July 24th, 2003 by Ben Goldacre in bad science, celebs, very basic science | 4 Comments »

Hollywood science

Ben Goldacre
Thursday July 24, 2003
The Guardian

Talk bad science

· It is possible to be too rational. So there I was, having a quiet hungover moment with a friend at the weekend, watching Honey I Shrunk The Kids with his daughter, when suddenly he could take it no more. “Surely if pressure is proportional to force divided by surface area, and the area of their feet is proportional to the square of their dimensions, then shrinking a human by a factor of 100 will increase the pressure per square inch exerted by their feet by a factor of 10,000.” Milly, having clearly dealt with similar issues on many previous occasions, didn’t even bother to look up from the screen. “From 2 psi (per sq inch) to 20,000 psi, sufficient to break concrete,” continued her father, triumphantly. “They get lighter too, dad,” she mumbled. “Well even if that’s true, their surface area to volume ratio has increased so much that they should be freezing to death.

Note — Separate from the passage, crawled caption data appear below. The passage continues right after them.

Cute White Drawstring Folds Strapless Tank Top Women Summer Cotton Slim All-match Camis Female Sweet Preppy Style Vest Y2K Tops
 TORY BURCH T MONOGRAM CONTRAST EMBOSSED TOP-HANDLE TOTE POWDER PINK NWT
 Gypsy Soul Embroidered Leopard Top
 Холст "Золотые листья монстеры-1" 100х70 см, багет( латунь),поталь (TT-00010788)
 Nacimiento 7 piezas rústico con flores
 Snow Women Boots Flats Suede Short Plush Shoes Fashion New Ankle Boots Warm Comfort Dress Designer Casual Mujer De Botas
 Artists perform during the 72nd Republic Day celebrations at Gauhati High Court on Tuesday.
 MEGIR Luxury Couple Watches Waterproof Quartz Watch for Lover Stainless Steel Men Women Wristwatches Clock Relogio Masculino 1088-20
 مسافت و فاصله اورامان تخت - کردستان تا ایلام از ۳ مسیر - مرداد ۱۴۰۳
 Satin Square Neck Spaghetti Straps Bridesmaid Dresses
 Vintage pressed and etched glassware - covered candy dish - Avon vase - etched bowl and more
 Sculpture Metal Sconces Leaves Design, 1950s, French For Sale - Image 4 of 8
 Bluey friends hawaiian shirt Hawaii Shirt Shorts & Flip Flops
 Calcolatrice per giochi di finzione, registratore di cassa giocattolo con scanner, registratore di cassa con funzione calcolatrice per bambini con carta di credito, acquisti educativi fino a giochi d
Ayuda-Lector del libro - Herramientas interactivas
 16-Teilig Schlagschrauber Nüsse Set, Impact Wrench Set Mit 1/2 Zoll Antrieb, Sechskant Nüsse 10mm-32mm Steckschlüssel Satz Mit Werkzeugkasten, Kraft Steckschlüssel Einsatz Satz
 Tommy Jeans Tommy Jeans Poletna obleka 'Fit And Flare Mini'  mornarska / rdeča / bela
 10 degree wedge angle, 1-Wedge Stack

And their legs would snap, since the strength of a structure is also proportional to the cross sectional area.”

· Now, the international superweb being what it is, you are never alone, no matter how deviant you are. And so I am proud to be able to present you with our big find of the weekend, the Insultingly Stupid Movie Physics Pages (www. intuitor.com/moviephysics/). It’s their indignation that makes it such good fun. For example, from their review of Star Wars: “In the great battle scene, the bad guys drive up in giant tanks and attempt to blast the good guys who are protected by their force field. This force field is transparent to visible light but nevertheless repels blasts of visible laser beams.” And they reserve particular derision for spaceships exploding in space (where there is no air, and no one can hear you scream) and the fact that you cannot only see it, but also hear it, with the sound waves miraculously arriving not just through a vacuum but at the same time as the light.

· But it gets worse. Proper little Rottweilers, these physicists, and they follow through on the maths. People flying backwards when hit by bullets? Not when the velocity of the victim will be equal to the velocity of the bullet multiplied by the ratio of the mass of the bullet to the mass of the victim – 0.4 miles an hour, they reckon. Copper-plated bullets flashing off steel? They snort with laughter. And 1,000 rounds a minute from a gun, for three minutes, works out at 45kg of metal. So where are the henchmen with the wheelbarrows full of ammunition? And now ask yourself, will the world be a better place when we are in charge? Of course it will be.